LLNL / ATS

ATS - Automated Testing System - is an open-source, Python-based tool for automating the running of tests of an application across a broad range of high performance computers.
BSD 3-Clause "New" or "Revised" License
7 stars 5 forks source link

RZNevada -- concurrent job runs fail #58

Closed dawson6 closed 2 years ago

dawson6 commented 3 years ago

The 7.0.5 version of ats uses slurm options to run cocurrent jobs. This works on alastor, genie, etc.

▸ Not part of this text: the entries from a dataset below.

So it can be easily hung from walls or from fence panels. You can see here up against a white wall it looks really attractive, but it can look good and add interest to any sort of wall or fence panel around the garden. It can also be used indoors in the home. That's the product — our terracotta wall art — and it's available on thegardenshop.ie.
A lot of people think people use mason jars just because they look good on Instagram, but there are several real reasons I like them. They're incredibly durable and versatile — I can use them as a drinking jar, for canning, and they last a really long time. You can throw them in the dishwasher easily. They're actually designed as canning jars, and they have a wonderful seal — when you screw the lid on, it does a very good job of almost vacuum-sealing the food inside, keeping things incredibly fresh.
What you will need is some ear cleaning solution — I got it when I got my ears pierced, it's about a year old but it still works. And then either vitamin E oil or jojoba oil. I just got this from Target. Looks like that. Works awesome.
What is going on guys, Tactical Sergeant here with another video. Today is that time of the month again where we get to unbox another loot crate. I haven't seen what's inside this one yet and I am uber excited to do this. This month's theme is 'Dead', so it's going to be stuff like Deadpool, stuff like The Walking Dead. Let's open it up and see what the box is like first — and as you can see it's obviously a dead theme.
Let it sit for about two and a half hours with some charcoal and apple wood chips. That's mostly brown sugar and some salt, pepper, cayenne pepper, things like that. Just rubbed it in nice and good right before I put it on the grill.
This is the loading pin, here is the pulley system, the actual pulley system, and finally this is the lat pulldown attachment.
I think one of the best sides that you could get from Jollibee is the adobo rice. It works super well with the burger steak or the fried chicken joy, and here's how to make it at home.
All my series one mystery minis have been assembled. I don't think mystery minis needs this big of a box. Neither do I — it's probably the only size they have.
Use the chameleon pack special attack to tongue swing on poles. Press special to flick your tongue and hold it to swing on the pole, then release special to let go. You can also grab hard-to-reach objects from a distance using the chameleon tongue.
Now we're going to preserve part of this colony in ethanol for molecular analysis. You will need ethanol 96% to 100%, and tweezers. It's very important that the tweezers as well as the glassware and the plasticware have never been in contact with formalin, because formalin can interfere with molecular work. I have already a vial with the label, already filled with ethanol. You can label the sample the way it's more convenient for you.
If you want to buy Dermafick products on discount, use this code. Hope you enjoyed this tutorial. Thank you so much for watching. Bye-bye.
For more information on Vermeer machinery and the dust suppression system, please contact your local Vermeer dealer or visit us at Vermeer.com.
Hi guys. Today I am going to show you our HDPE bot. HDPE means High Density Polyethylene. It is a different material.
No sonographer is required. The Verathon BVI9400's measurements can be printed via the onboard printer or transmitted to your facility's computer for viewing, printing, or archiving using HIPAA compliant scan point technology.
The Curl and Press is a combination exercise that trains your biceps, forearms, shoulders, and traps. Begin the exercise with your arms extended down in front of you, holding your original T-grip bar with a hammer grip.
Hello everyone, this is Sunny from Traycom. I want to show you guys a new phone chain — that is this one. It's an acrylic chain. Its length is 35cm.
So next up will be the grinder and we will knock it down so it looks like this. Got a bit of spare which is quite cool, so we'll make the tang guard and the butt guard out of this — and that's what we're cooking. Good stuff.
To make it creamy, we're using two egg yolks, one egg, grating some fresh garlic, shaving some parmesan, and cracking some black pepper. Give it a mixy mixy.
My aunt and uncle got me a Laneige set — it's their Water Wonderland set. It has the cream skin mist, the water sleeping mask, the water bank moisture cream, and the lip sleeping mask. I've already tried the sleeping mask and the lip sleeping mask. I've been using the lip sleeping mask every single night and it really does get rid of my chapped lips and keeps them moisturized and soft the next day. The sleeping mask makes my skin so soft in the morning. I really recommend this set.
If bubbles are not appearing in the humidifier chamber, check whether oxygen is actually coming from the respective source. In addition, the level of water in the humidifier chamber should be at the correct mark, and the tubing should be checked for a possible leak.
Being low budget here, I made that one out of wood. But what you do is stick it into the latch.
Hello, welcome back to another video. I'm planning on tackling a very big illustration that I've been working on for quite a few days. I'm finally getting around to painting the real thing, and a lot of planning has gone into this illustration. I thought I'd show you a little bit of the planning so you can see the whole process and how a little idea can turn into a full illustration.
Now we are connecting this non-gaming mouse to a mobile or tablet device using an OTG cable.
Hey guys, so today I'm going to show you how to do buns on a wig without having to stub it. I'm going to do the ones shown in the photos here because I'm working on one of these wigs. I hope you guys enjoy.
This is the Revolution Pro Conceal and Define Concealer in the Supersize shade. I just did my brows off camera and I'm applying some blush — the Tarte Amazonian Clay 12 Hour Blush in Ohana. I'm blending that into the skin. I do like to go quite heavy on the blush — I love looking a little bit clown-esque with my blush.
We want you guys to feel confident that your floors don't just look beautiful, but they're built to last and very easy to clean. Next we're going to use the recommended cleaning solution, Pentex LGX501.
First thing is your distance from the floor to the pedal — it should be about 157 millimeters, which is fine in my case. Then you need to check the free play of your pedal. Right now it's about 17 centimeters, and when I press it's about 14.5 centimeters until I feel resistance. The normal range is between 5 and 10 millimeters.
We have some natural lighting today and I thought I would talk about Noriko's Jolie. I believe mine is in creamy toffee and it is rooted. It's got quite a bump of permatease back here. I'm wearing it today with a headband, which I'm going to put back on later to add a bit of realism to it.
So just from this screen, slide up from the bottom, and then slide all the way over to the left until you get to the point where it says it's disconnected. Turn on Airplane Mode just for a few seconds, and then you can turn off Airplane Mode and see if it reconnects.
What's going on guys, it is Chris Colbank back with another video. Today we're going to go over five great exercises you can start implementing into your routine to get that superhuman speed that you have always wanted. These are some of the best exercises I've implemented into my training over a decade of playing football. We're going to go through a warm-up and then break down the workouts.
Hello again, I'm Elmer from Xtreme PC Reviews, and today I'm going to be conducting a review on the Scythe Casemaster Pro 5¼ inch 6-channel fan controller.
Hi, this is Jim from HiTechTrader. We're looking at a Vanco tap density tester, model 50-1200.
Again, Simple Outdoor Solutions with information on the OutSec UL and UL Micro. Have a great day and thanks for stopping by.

On rznevada this fails. While ATS can run jobs one after another (using the --sequential command line option), when two or more jobs are started concurrently, the jobs fail with

srun --exclusive --mpibind=off --distribution=block --nodes=1-2 --cpus-per-task=1 --ntasks=2

0: Fri Jul 23 10:59:54 2021: [PE_0]:inet_listen_socket_setup:inet_setup_listen_socket: bind failed port 1371 listen_sock = 3 Address already in use 0: Fri Jul 23 10:59:54 2021: [PE_0]:_pmi_inet_listen_socket_setup:socket setup failed 0: Fri Jul 23 10:59:54 2021: [PE_0]:_pmi_init:_pmi_inet_listen_socket_setup (full) returned -1 1: Fri Jul 23 10:59:54 2021: [PE_1]:inet_listen_socket_setup:inet_setup_listen_socket: bind failed port 1371 listen_sock = 3 Address already in use 1: Fri Jul 23 10:59:54 2021: [PE_1]:_pmi_inet_listen_socket_setup:socket setup failed 1: Fri Jul 23 10:59:54 2021: [PE_1]:_pmi_init:_pmi_inet_listen_socket_setup (full) returned -1

dawson6 commented 3 years ago

OK, able to reproduce outside of ATS with my 'mpi' test app. Allocated 2 nodes (62 cpus each node) and when I ran this, hit the same issue srun --exclusive --mpibind=off --nodes=1-2 --ntasks=32 --cpus-per-task=1 ./a.out job1 & srun --exclusive --mpibind=off --nodes=1-2 --ntasks=32 --cpus-per-task=1 ./a.out job2 &

dawson6 commented 3 years ago

If I leave off the --exclusive option then this does run, but the jobs queue up and effectively run sequentiall.